> **TASK STATEMENT**:
Filter the entries below, keeping every line that has the word "with".

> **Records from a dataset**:
==*==

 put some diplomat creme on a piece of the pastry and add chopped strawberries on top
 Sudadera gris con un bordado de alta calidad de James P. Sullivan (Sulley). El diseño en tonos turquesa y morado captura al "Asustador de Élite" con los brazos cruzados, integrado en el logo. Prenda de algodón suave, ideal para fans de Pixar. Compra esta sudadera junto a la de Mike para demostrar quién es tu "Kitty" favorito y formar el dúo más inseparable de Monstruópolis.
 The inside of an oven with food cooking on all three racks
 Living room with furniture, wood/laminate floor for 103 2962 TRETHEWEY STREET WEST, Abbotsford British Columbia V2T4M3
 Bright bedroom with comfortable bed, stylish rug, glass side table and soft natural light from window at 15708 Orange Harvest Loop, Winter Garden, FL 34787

==*==

> **RESULT OF THE TASK**:
 The inside of an oven with food cooking on all three racks
 Living room with furniture, wood/laminate floor for 103 2962 TRETHEWEY STREET WEST, Abbotsford British Columbia V2T4M3
 Bright bedroom with comfortable bed, stylish rug, glass side table and soft natural light from window at 15708 Orange Harvest Loop, Winter Garden, FL 34787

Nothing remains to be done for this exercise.